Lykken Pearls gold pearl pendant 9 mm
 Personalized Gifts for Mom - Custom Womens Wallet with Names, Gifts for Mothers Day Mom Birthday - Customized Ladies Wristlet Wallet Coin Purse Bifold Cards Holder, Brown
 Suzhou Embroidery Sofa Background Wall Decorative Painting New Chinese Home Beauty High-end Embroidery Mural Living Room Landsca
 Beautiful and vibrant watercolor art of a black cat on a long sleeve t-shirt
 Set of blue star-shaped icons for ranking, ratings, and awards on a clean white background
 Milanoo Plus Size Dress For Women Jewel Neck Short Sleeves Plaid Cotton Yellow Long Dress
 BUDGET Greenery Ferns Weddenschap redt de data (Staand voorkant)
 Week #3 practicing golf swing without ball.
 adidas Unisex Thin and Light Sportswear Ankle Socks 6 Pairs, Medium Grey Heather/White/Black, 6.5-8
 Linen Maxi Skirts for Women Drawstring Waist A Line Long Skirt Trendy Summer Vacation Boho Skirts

═══

To do: Write the material out again in its entirety, exactly as shown.

Worked solution:
Lykken Pearls gold pearl pendant 9 mm
 Personalized Gifts for Mom - Custom Womens Wallet with Names, Gifts for Mothers Day Mom Birthday - Customized Ladies Wristlet Wallet Coin Purse Bifold Cards Holder, Brown
 Suzhou Embroidery Sofa Background Wall Decorative Painting New Chinese Home Beauty High-end Embroidery Mural Living Room Landsca
 Beautiful and vibrant watercolor art of a black cat on a long sleeve t-shirt
 Set of blue star-shaped icons for ranking, ratings, and awards on a clean white background
 Milanoo Plus Size Dress For Women Jewel Neck Short Sleeves Plaid Cotton Yellow Long Dress
 BUDGET Greenery Ferns Weddenschap redt de data (Staand voorkant)
 Week #3 practicing golf swing without ball.
 adidas Unisex Thin and Light Sportswear Ankle Socks 6 Pairs, Medium Grey Heather/White/Black, 6.5-8
 Linen Maxi Skirts for Women Drawstring Waist A Line Long Skirt Trendy Summer Vacation Boho Skirts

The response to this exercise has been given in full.